Structural wall sheathing such as oriented strand board (OSB) and plywood have been heavily used in residential and commercial timber frame construction. The response of these wood-based composites under elevated temperatures between 100°C and 200°C (herein referred to as elevated temperatures) and exposure time needs to be characterized to assess residual strength of the materials in the existing structures. The main objective of this work is to study the effect of temperature and exposure time on shear strength and shear modulus of plywood and OSB. A total of 110 test specimens was tested in shear after exposure to five different temperatures and two exposure durations, followed by cooling to ambient temperature. The results indicated that the plywood and OSB behaved differently after exposure to elevated temperatures and exposure duration. Plywood showed a consistent degradation of shear strength with elevated temperature and time, while OSB did not exhibit a clear picture of thermal degradation. The results further indicated that the shear modulus of plywood and OSB remained unaffected after exposure to elevated temperatures.Abstract
In the United States, a vast majority of residential dwellings are light-frame wood construction, which has performed well historically. In a light-frame structure, the framing consists of dimension lumber, while a plywood or oriented strand board (OSB) is used as sheathing. The sheathing is fastened to the framing using dowel-type fasteners to close the building envelope and resist out-of-plane wind loads. Moreover, sheathing also provides stability to the framing under gravity loads, and for shear walls provides ample shear capacity during events that produce high lateral load demands.

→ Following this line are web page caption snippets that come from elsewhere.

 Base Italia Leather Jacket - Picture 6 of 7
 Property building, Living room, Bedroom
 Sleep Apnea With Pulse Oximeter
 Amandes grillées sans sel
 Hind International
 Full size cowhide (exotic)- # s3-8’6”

Plywood had been a sheathing material of choice for several decades until OSB was invented and subsequently became the dominant sheathing material. In 2014, 86 percent of structural wall sheathing in single-family homes was comprised of wood structural panels, where OSB and plywood accounted for 73 and 13 percent, respectively (APA 2011). Both plywood and OSB have been well studied and characterized for all the material properties (US Department of Agriculture 2010). Moreover, voluntary product standards exist, such as the US Product Standard 2 (PS2), which provides guidelines for manufacturing and benchmark properties for these panel products.
Some walls in a light-frame construction are designed as shear walls. A shear wall performance is governed by four factors, namely, stiffness of the framing, slip in the dowel-type fasteners that connect the sheathing, shear characteristic of the sheathing, and wall anchorage slip (American Wood Council 2018). Thus, the shear characteristic of the panels plays an important role in the performance of the wall system.

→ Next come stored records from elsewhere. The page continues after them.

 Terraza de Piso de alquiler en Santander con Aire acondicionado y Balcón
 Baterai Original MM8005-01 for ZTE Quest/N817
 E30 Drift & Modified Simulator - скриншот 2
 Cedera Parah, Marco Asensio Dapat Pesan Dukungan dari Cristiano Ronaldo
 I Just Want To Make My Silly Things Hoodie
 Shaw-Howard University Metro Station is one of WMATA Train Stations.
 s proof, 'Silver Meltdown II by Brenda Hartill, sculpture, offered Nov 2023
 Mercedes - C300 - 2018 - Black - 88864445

Due to increased use of OSB and plywood in building applications, it is imperative to characterize their properties and performance in all expected loading demands, including elevated temperature (Grundahl 1992, White and Winandy 2006). Postfire concerns include whether the structure has enough residual capacity to withstand the stresses in service during the course of its lifetime and, subsequently, designing a rehabilitation plan for the structure. For both survival time predictions and establishing the residual capacity of the structure, data on elevated temperature performance are needed for all components and materials of the building system. Essentially, this is the crux of this work.

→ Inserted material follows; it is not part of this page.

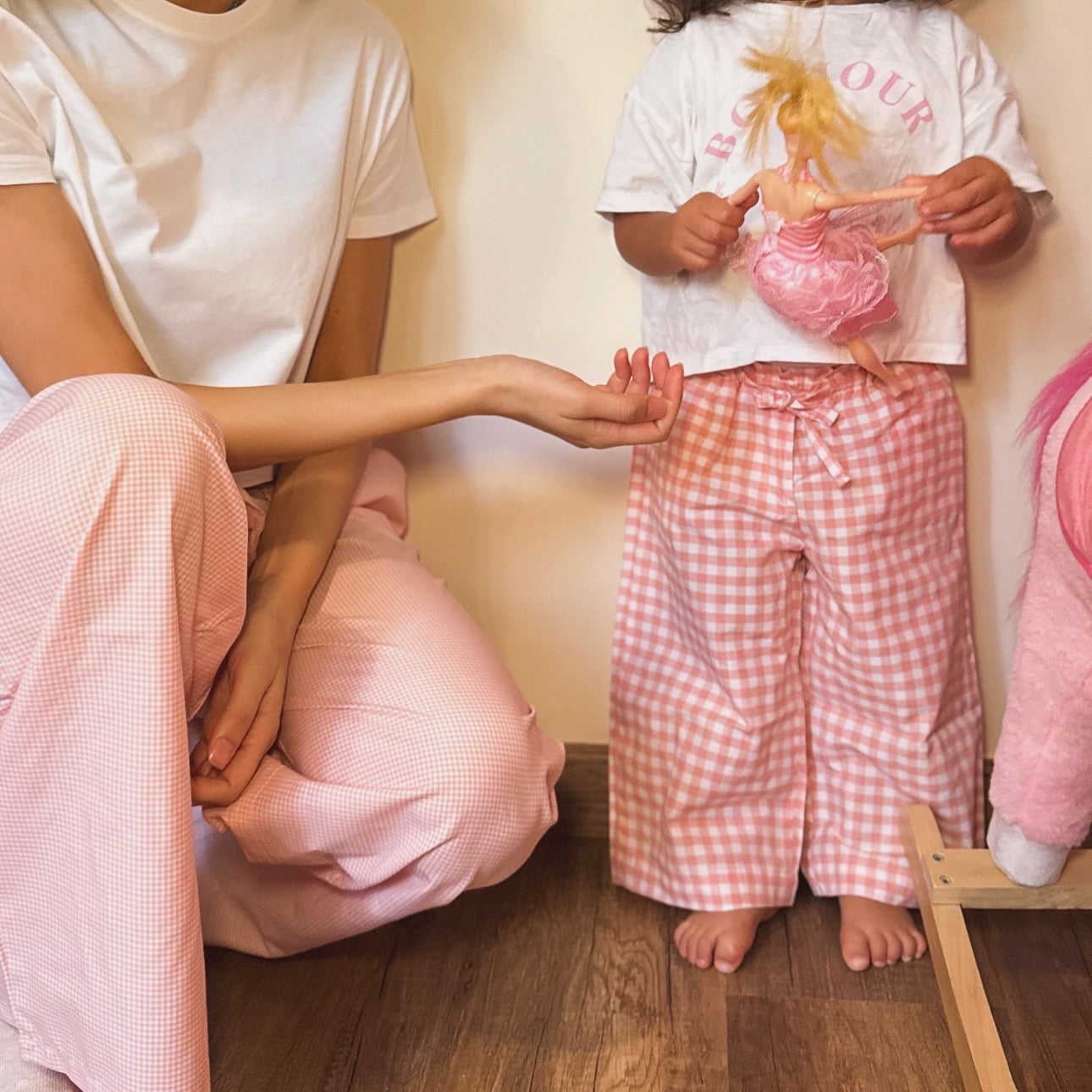 Lune Rosé pants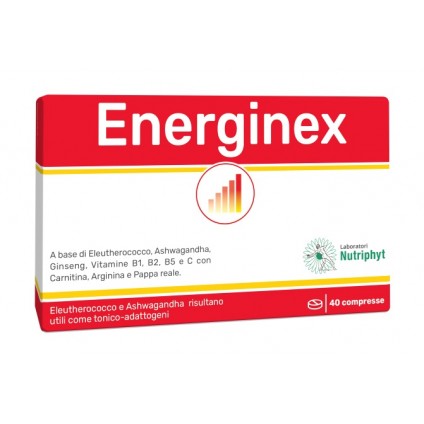 ENERGINEX 40 Cpr 500mg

Survival time models involving wood and wooden structures are lacking due to a lack in understanding of the effect of elevated temperature on several structural properties of common wood-based composite materials. One such property is shear. Several studies and concurrent projects have looked into flexural properties of wood (White and Tran 1992; Bukowski and Babrauskas 1994; Young and Clancy 2001a, 2001b; Bekhta and Niemz 2003; Branca and Blasi 2003; Stamm 2005; Zhong et al. 2015), OSB, and plywood (Winandy et al. 1991, Wang and Rao 1999, Paul et al. 2006, Sinha et al. 2011a, Sinha and Akgul 2016). However, no studies exist that quantify the loss of shear stiffness and strength of these panels after exposure to elevated temperature. Therefore, the objective of this study was to characterize the change in shear properties of structural sheathing as a function of elevated temperature and respective exposure times.
Materials and Methods
Commercial OSB and plywood were procured from local vendors in sizes of 1,220 by 2,400 mm (4 by 8 feet). Both OSB and plywood were 15 mm thick with a span rating of 40/20. OSB was manufactured using mixed hardwood strands using a polymeric diphenyl methane diisocyanate resin, while plywood was comprised of five Douglas-fir veneers glued together using a phenol-formaldehyde resin. The panels were cut to 406 by 610 mm, with the 406-mm dimension being parallel to the strong axis of the panels (Fig. 1a). Each panel yielded two 406 by 610-mm specimens. The specimens were then randomly divided into 10 groups of five for each material. Table 1 presents the test matrix.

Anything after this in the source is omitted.